General Rules of Conditioning

Updated: Jun 19






















Conditioning/ cardio can be a crucial aspect of any effective training program. When implemented properly we can significantly increase your bodies recovery time while still packing on lean muscle. The more lean muscle we can accumulate the easier it will be to maintain a low body fat percentage that you are proud of! As it relates to fat loss, I believe in following a less is more approach. The human body adapts very quickly and results may become stagnant if we do not have the ability to progressively overload your regimen. Meaning to notice continued results we will need to have the opportunity to increase the amount of cardio you are doing within reason. No one has the time to perform hours of cardio per week on top of an intense training program and our daily life tasks. The plan is to train smart, not necessarily harder and over time find what works best for you!


You can calculate your maximal heart rate by subtracting your age from 220. Tracking your heart rate by beats per minute and making sure you do not exceed what is intended. (Example 28 years old: 220 – 28 = 192 Maximum Heart Rate)


Low Impact Cardio/ Conditioning

Although with low intensity cardiovascular conditioning you will burn half the number of total calories, studies have shown you may target up to 20% more calories from fat in a single session while at a lower intensity.
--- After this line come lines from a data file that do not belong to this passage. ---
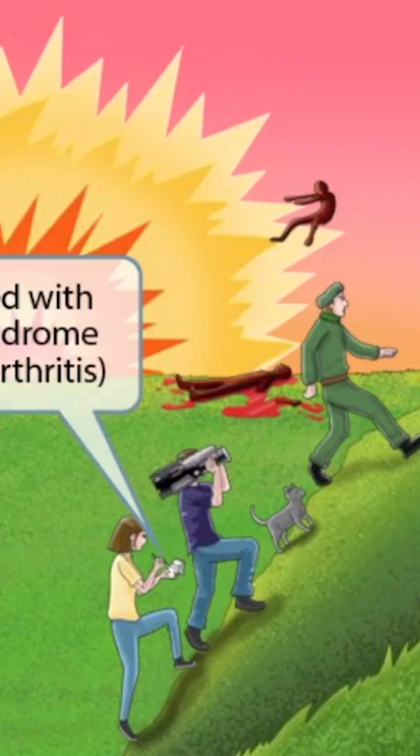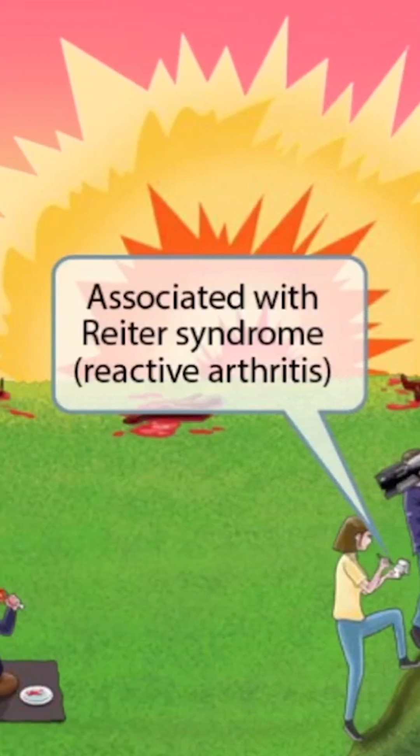Notice that we've shown a girl furiously writing down some information next to the guy with the camera. These two are here to document this victory and are responsible for that masterful picture of the American troops putting up the flag. Just like in our other videos, the person writing is here to help you remember Reiter syndrome. So Campylobacter is associated with Reiter syndrome, which is also known as reactive arthritis.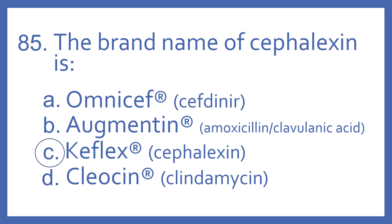Augmentin is the brand name for amoxicillin with clavulanic acid — that's a penicillin antibiotic. And Cleosin is the brand name for clindamycin, which is a lincosamide antibiotic.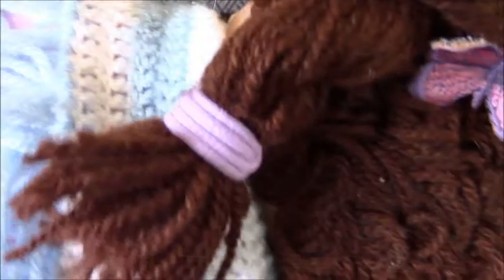And then here's her body tag. It's got 2005 on it. Original Appalachian Artworks.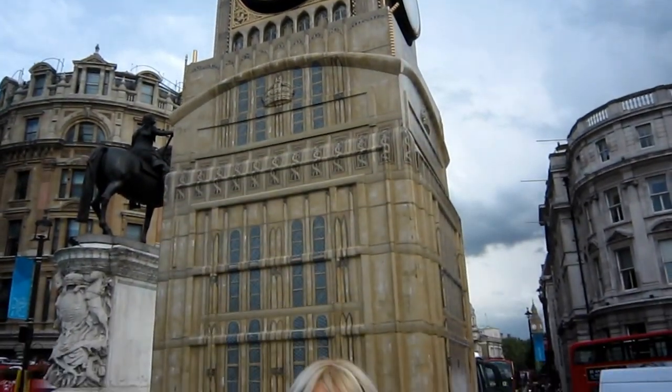Big Ben also has a lot of personal meaning to me. It's somewhere that I always take friends and family when they first come to London, and also with this year being the Queen's Jubilee and the Olympics, there was so much tourism coming into a beautiful city. I just thought, what better way than to combine two quintessentially British icons during this period of time.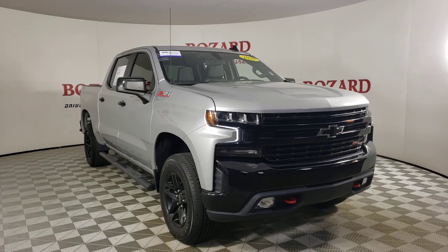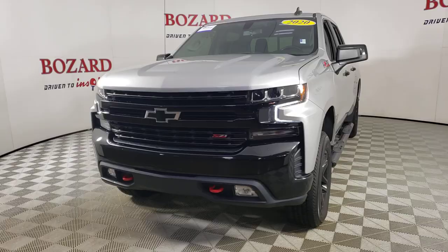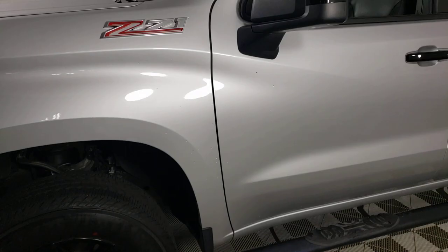This could be the car for you. The 2020 Chevrolet Silverado 1500. With less than 50,000 miles on the odometer, this vehicle stands out from the rest.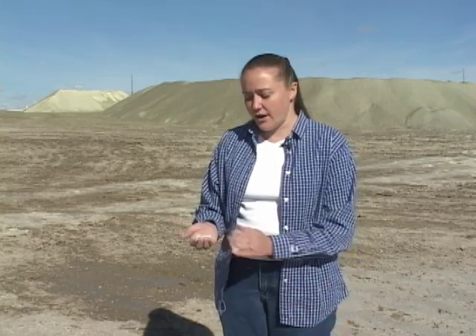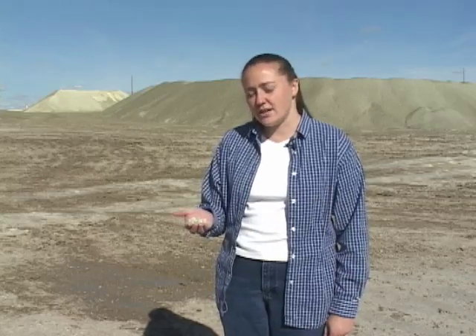The innocuous gray material that I hold in my hand has been called the product of a thousand uses. This is sodium bentonite, and about 70% of the world's supply is found right here in Wyoming.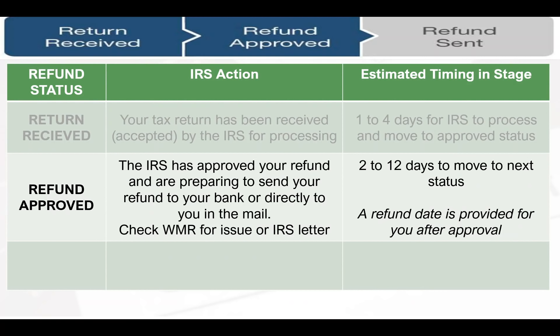The next status after return received — and the biggest one — is refund approved. This is within the IRS's internal processing. The status means the IRS has approved your refund and is preparing to send the money to your bank. This is a really good sign. If the Where's My Refund tool finds issues, it will flag them and the return will likely stay in return received. Sometimes this is where the status bars go blank — when it gets stuck between return received and refund approved, that's generally when the bars disappear, meaning the IRS is doing some processing.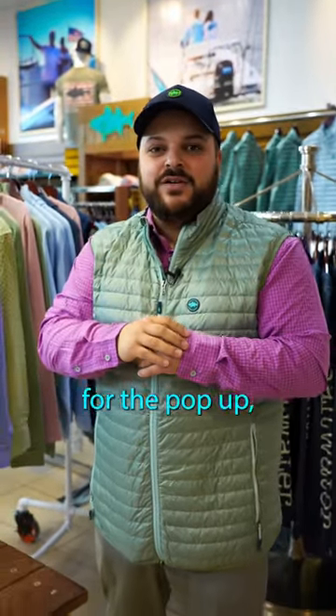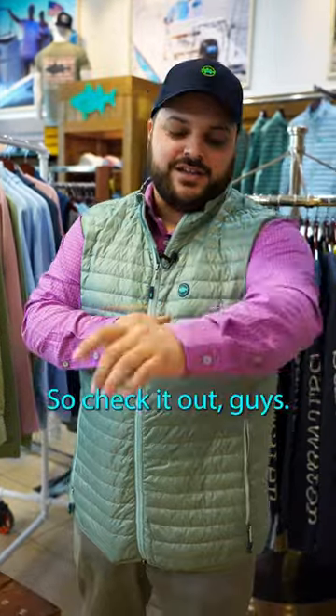So that's our performance button down, guys. Check it out and get it right now in the Walt Women's Shop, Smith Haven Mall for the pop-up, West Hampton Beach, and of course 24/7 online, so check it out guys.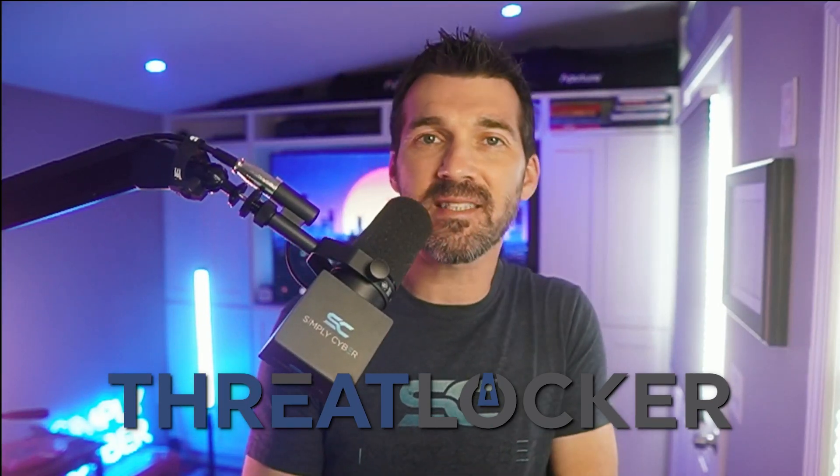Welcome to Simply Cyber. Today I'm sitting down with Danny Jenkins, CEO and co-founder of ThreatLocker, to discuss how his company is redefining application security with a zero-trust approach. We'll explore the unique challenges in this space and how ThreatLocker is empowering organizations to stay ahead of modern threats. Let's dive right in.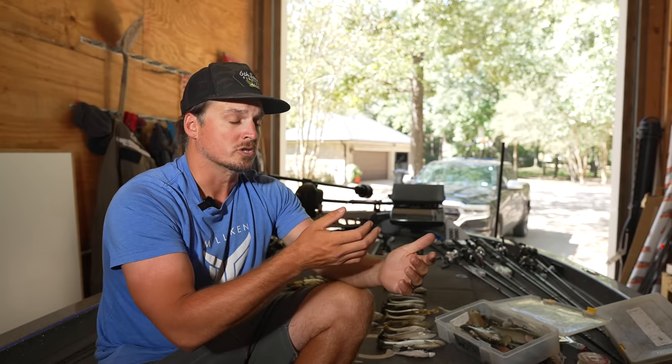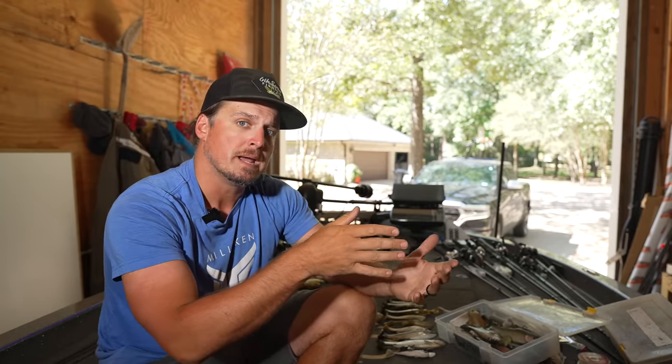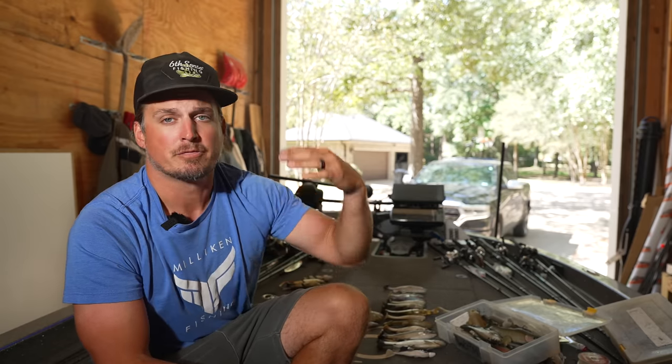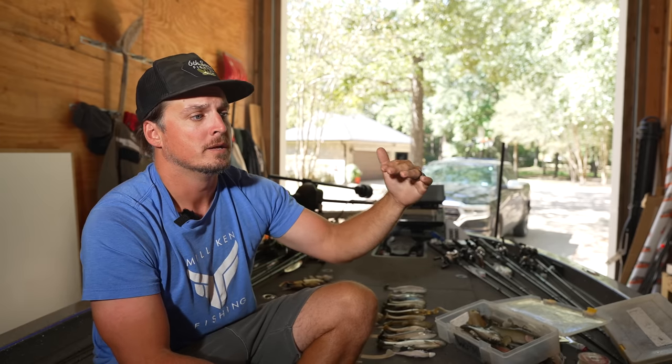We're using suspending jerk baits, fished extremely slow a lot of times. Or we're dragging a jig or a swing head really, really slow with a crawdad imitating bait, generally. Or we're fishing for suspended fish that are being caught on Alabama rigs, little tiny kytex on ball heads, stuff like that. So that's what we need to apply to our baits — both in the action of the bait caused by the tail, and more importantly, the speed in which we are retrieving these baits.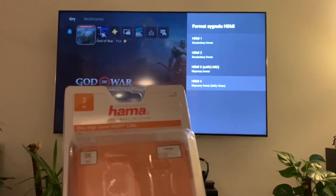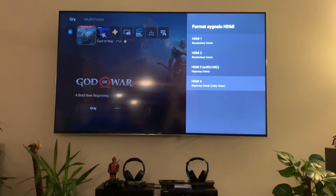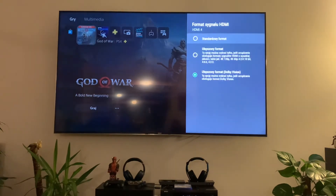Right now it's connected between the PS5 and the Sony Bravia XH90, plugged into HDMI port 4. I'm using the enhanced format with Dolby Vision — it works for standard format, it works for Dolby Vision. But now let's try 4K 120Hz and observe what happens with this setup.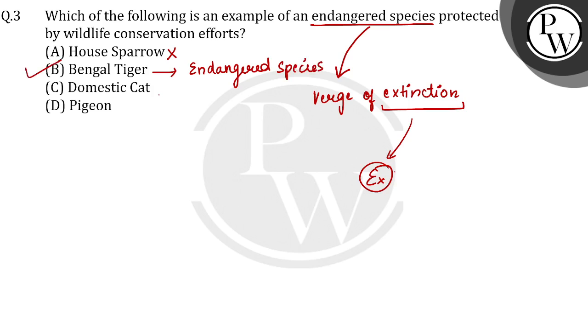The next option is domestic cat — this is also wrong, because it is not endangered. Pigeon is also not endangered. So the correct option is B. I hope this is clear, thank you.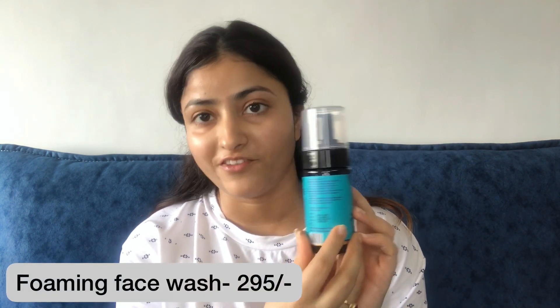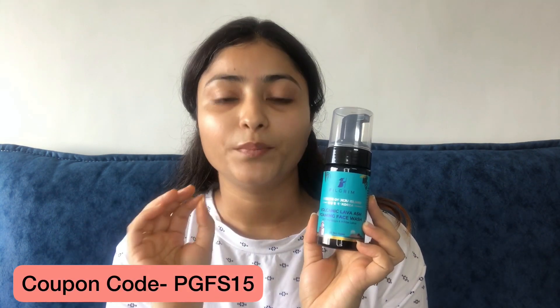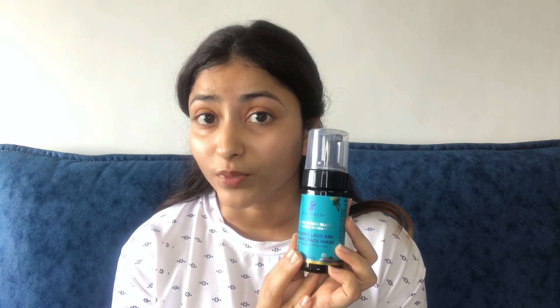Now let's talk about the range and price. The first product, Volcanic Lava Ash Foaming Face Wash, is priced at Rs. 295. The second product, Oil-Free Gel Moisturizer, is priced at Rs. 495. The third product, Argan Oil, is priced at Rs. 600. I will give you a link in the description and a coupon code for 15% discount on all products.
Our goal with this style of conditioning is to put as little stress on your joints and nervous system as possible creating less likelihood of injury or sensation of “burning out”. While still managing to gradually decrease body fat and speeding up recovery time.


High Intensity Interval Training Cardio (HIIT)

Taking a professionally calculated approach to conditioning, based off of your personal capability we adjust levels of intensity to stimulate your metabolism, increasing your total caloric expenditure in a shorter period of time. Consciously alternating between short bursts of high intensity aerobic training and low/moderate intensity anaerobic training giving you a significant increase in the “After Burn Effect”. It is important to maintain 70-80% of your maximum heart rate during HIIT Training.


"The After-Burn Affect" Better known as post-exercise oxygen consumption (EPOC). Several studies have suggested there is strong correlation between the number of calories burned post exercise and the activity levels intensity. Simply put, the more intense the exercise, the more oxygen consumed afterwards. Therefor the more total calories burnt long term. You will experience this not only from HIIT training but also resistance (weight) training as well.